Yar Tikhiy wrote:
On Mon, Mar 05, 2007 at 01:40:26AM +0000, Bruce M Simpson wrote:
Yar Tikhiy wrote:
Now I see your point, thanks!  Well, at least in theory, the driver
shouldn't call ether_input() if the interface isn't running.  OTOH,
the interface shouldn't be getting traffic if it's !UP.  However,
I suspect that not all drivers handle IFF_UP fully or even can do
it at all due to hardware limitations.  As I understand it, in an
ideal world a !UP interface should be deaf and dumb and not interfering
in any way with the network still connected to it physically.
Therefore discarding inbound traffic from a !UP interface may be a
necessary workaround, but it may not be enough.  All that boils
down to this: The IFF_UP check in ether_input() is more to a sanity
check than to the way for IFF_UP to work.  Therefore we can add the
IFF_DRV_RUNNING sanity check there, too, for completeness.
Thanks for your explanation.

I'm still not sure I understand why IFF_DRV_RUNNING should be checked for in ether_input().

There is a pretty clear reason for checking for IFF_UP in ether_input(); an interface which is configured administratively down should not be bringing traffic into the stack, regardless of whether it is a hardware device or a pseudo-device. IFF_UP has been in since 4.2BSD; it is more or less integral to how the BSD network stack operates. There are situations in which a pseudo-device or hardware device could incorrectly call ether_input() with such traffic.

Reading <net/if.h>, IFF_DRV_RUNNING is documented as meaning 'resources are allocated for this device'. Surely such a check is redundant and not relevant to the operation of ether_input()?

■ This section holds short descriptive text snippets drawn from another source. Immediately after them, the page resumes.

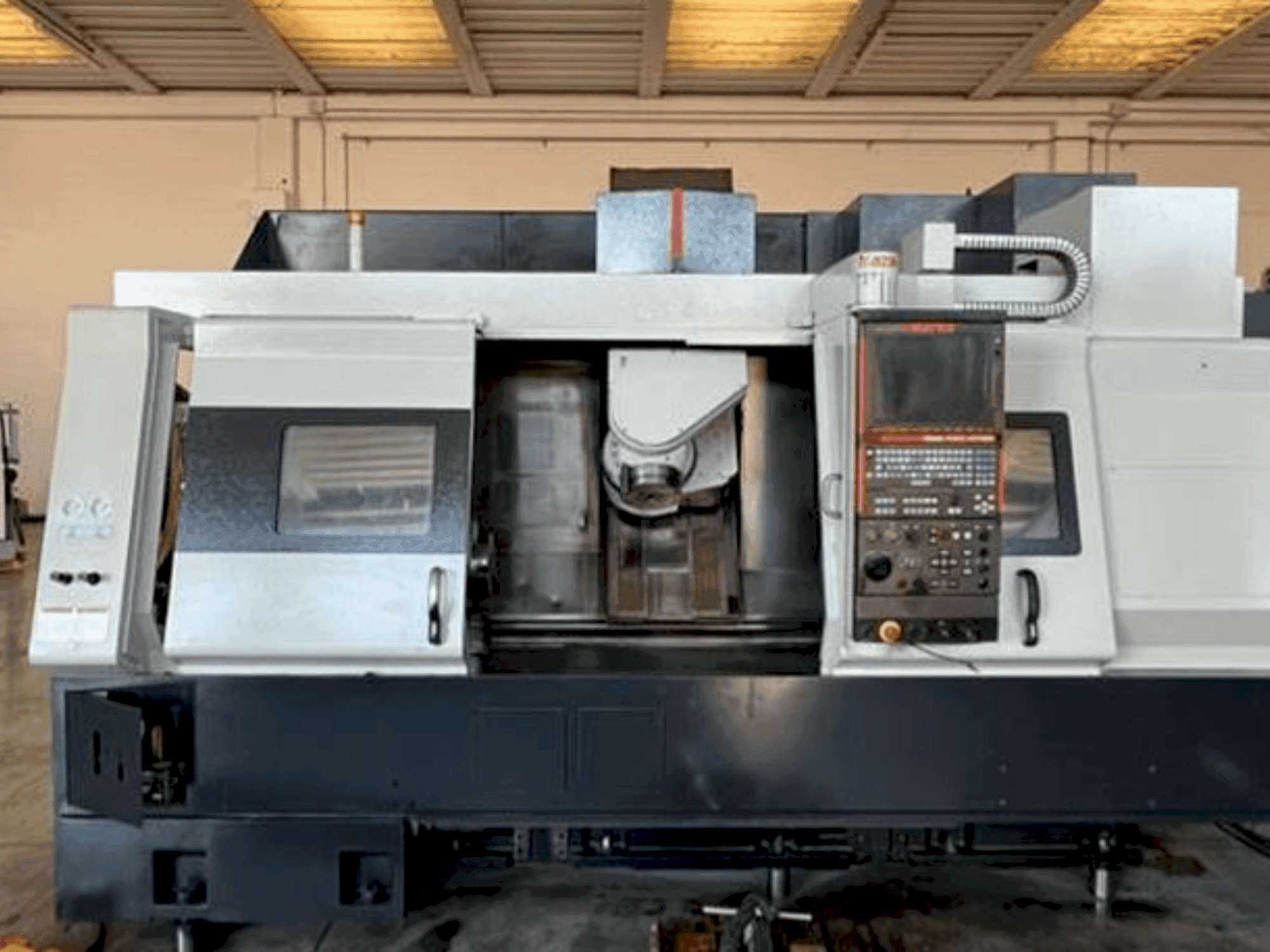 Front view of Mazak INTEGREX 200 IV S (2007) machine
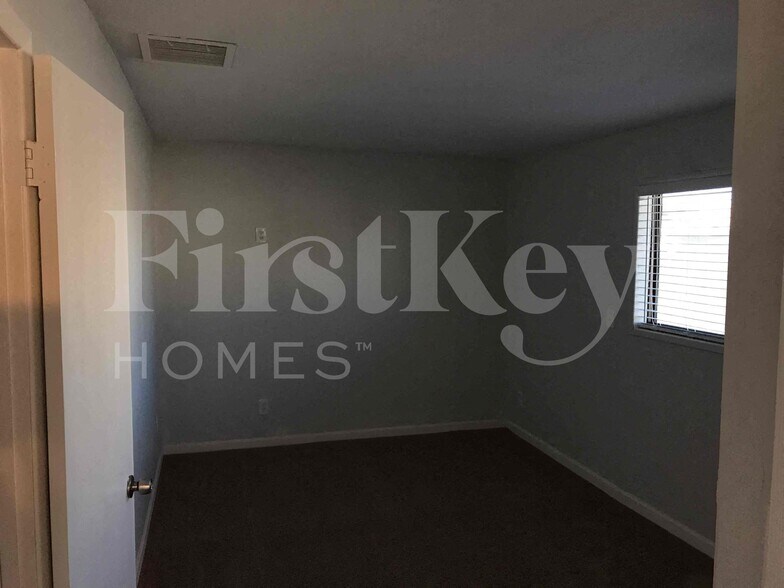 Building Photo - 9808 N 47th Ave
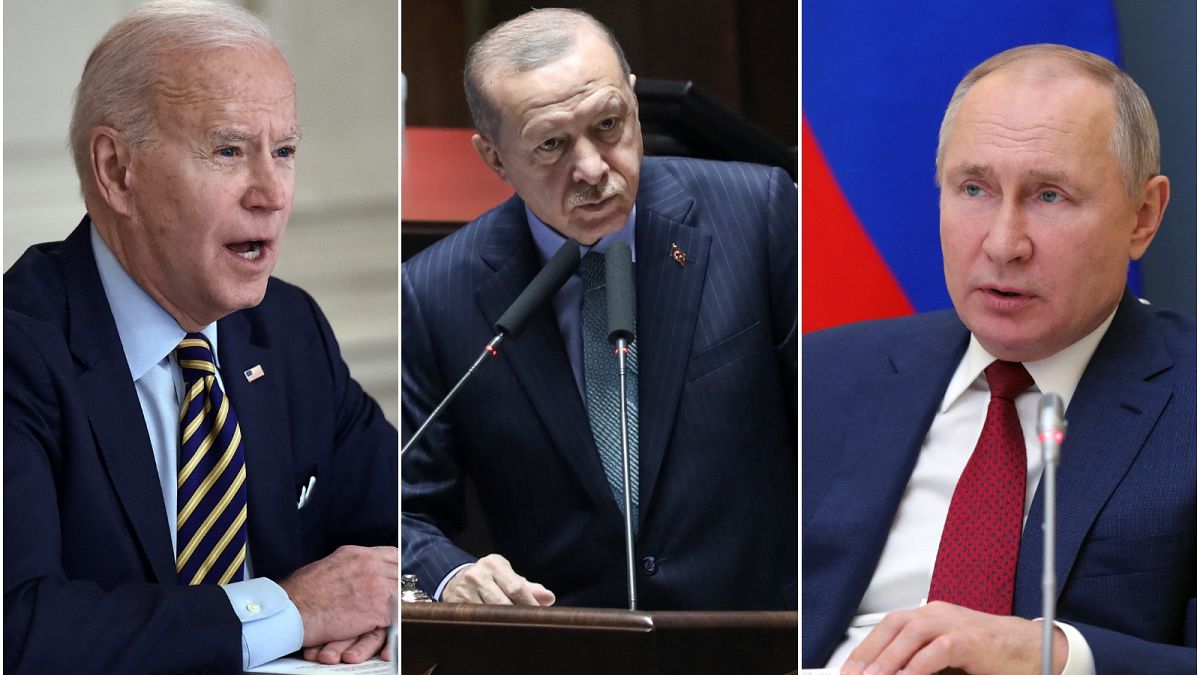 الرئيس الروسي فلاديمير بوتين والرئيس التركي رجب طيب آردوغان والرئيس الأمريكي جو بايدن 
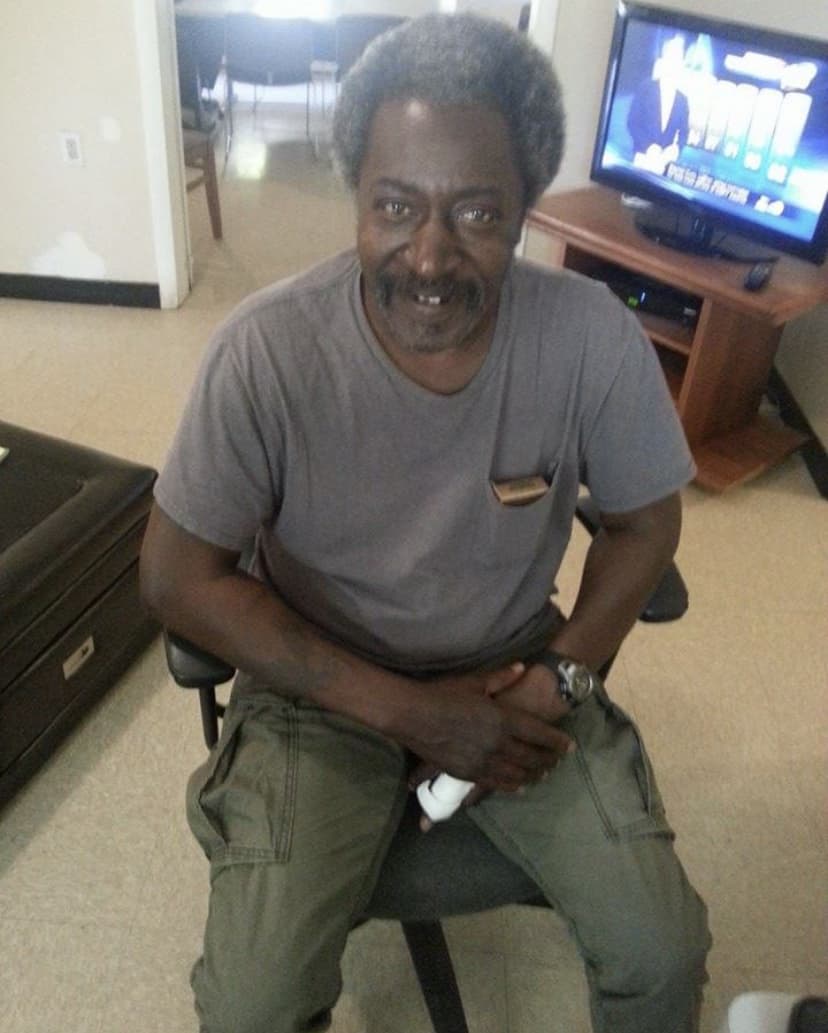 Photo of Lonnie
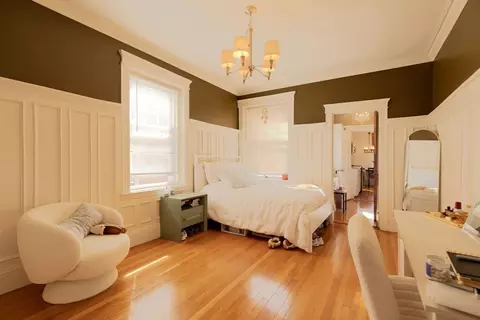 Bedroom - 80 Browne St #2, Brookline, MA 02446 photo 4 of 8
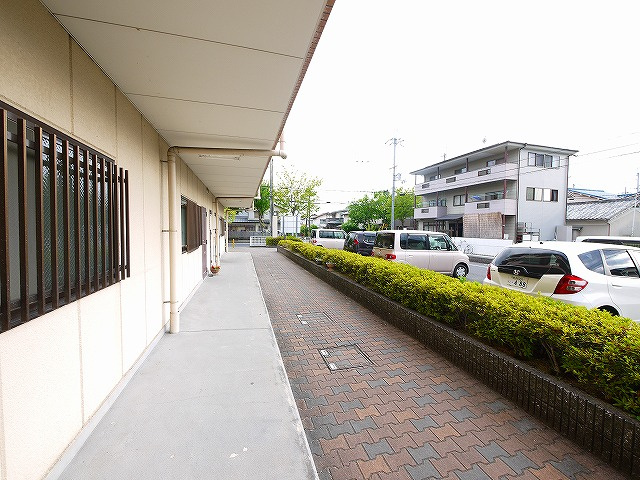 アメニティ前栽１号館のエントランス|清潔なエントランスです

As far as I can tell it is similar to the old meaning of IFF_RUNNING, and there are legitimate situations in which the hardware or its queues may have stopped processing temporarily whilst the interface may be administratively up (and thus accepting traffic).

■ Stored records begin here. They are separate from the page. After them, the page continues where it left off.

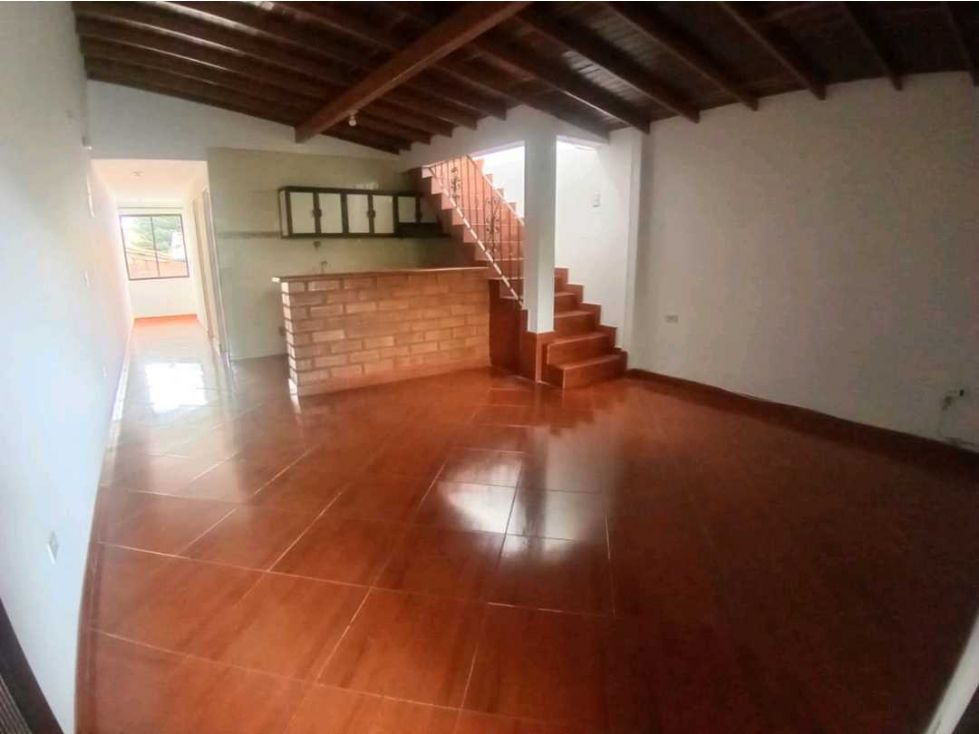 Apartamento en arriendo Antioquia Envigado Obrero 110 m2 Habitaciones 3 Baños 2 Garajes 0 Precio $2500000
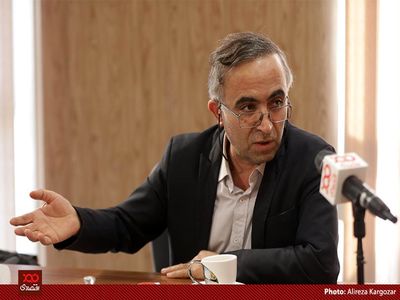 سیف صلاحیت رئیس کلی بانک مرکزی را ندارد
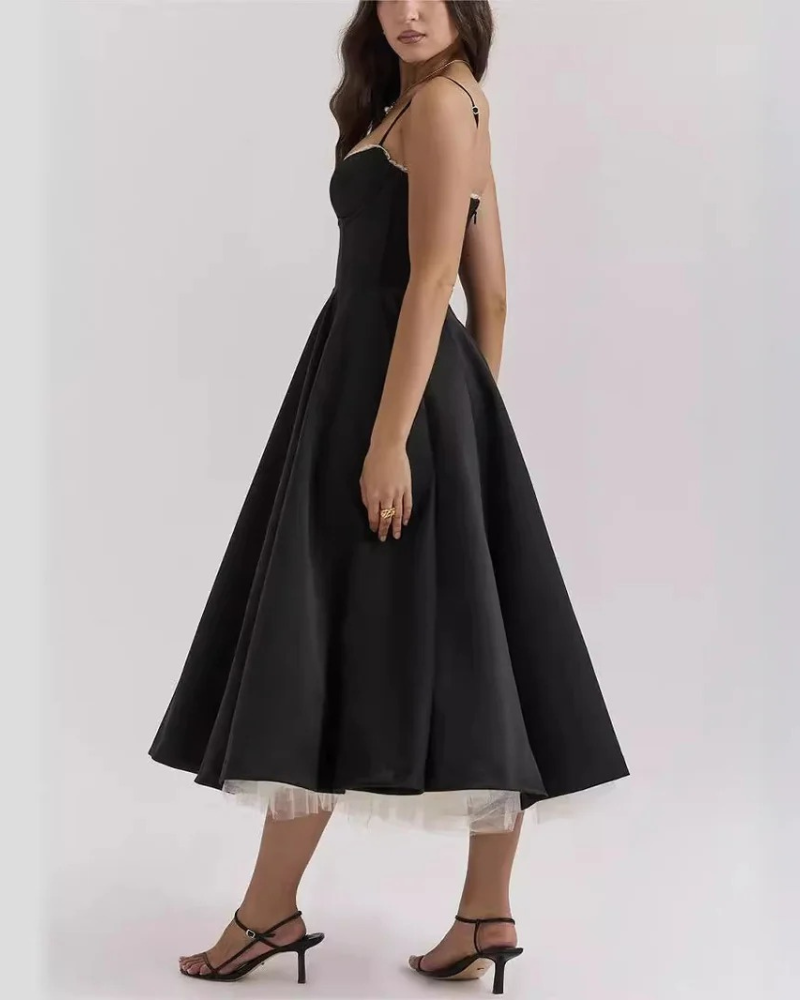 Elegantes Partykleid mit Volumen und ausgestelltem Schnitt für festliche Anlässe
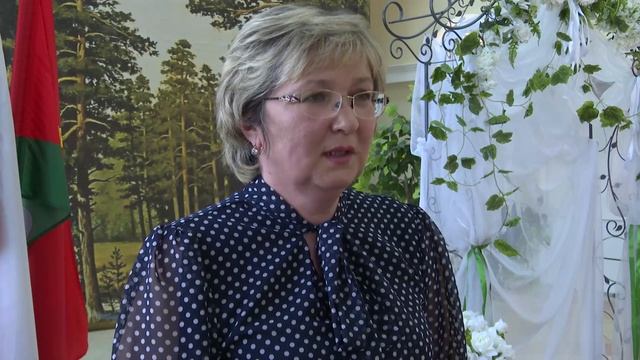 С начала года в отделе ЗАГС зарегистрировали свой брак 40 семейных пар, из них 14 межнациональные. смотреть онлайн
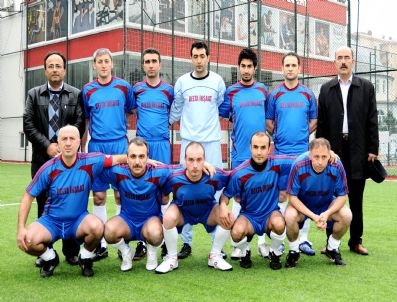 Herkes İçin Futbol Turnuvası Başladı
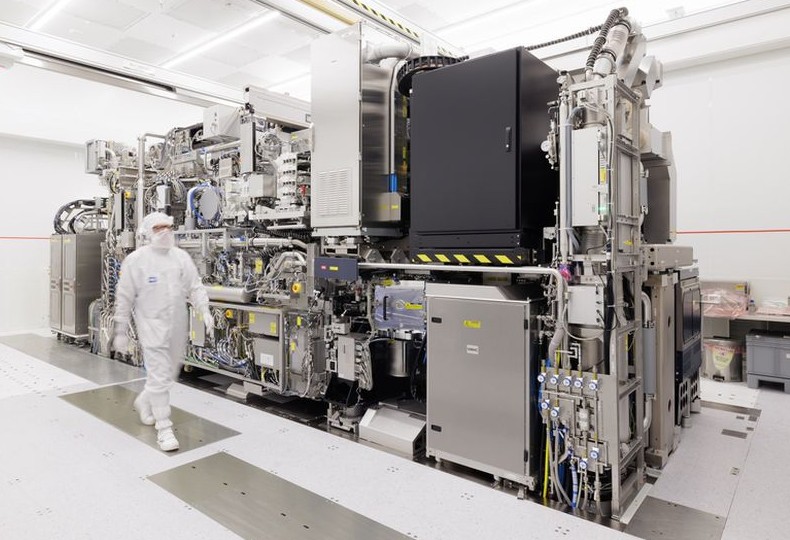 За литографами — очередь до 2030 года: ASML не успевает за аппетитами ИИ-индустрии - «Новости сети»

Please correct me if I'm wrong or point out situations where it's important IFF_DRV_RUNNING state is checked outside of a driver. Sorry if I seem obtuse, but I'm sure I'm missing some detail here.

My concern is that, with possible callers of ether_input() being
not really *from* but *on behalf* of the interface, e.g., in Netgraph,
IFF_DRV_RUNNING can be a way for the interface driver to tell us:
I'm not ready yet, so don't believe anyone who pretends he has a
packet from me.

E.g., a vlan(4) interface gets IFF_DRV_RUNNING set only if it is
properly attached to an Ethernet interface (known as the vlan's
parent).  AFAIK this is a totally legitimate use of IFF_DRV_RUNNING.
Now assume that a vlan interface is UP but not RUNNING because it's
detached from the parent.  If a buggy Netgraph node or another
source of synthetic traffic decides to inject a packet as though
it comes in from the said vlan interface, handling the packet as
usual will be bogus.

IMHO the IFF_UP check in ether_input() is mostly for a similar
purpose: If all callers of ether_input() were in real and conformant
interface drivers, we shouldn't bother re-checking IFF_UP in
ether_input() either because the driver of a down interface wouldn't
call ether_input() for it in the first place.

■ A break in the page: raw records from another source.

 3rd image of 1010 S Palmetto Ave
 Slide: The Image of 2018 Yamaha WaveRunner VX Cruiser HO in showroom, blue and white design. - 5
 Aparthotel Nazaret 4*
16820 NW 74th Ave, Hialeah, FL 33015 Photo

So I view the checks in ether_input() as a way to work around broken
drivers and simplify synthetic callers of ether_input().  In fact,
the whole first part of ether_input() is for that: It essentially
verifies the caller's conformance.  I mean the checks for the proper
mbuf flags and length, recvif, etc.

Of course, we can omit the check for IFF_DRV_RUNNING if we think
that synthetic traffic from an unready interface is OK.  But I'm
afraid we shouldn't.

In addition, I wonder if we can move the conformance checks to a
wrapper function so that conformant drivers don't have to pay the
performance penalty of the "just in case" checks per each inbound
Ethernet packet.

Then make it a KASSERT() if it only catches buggy drivers.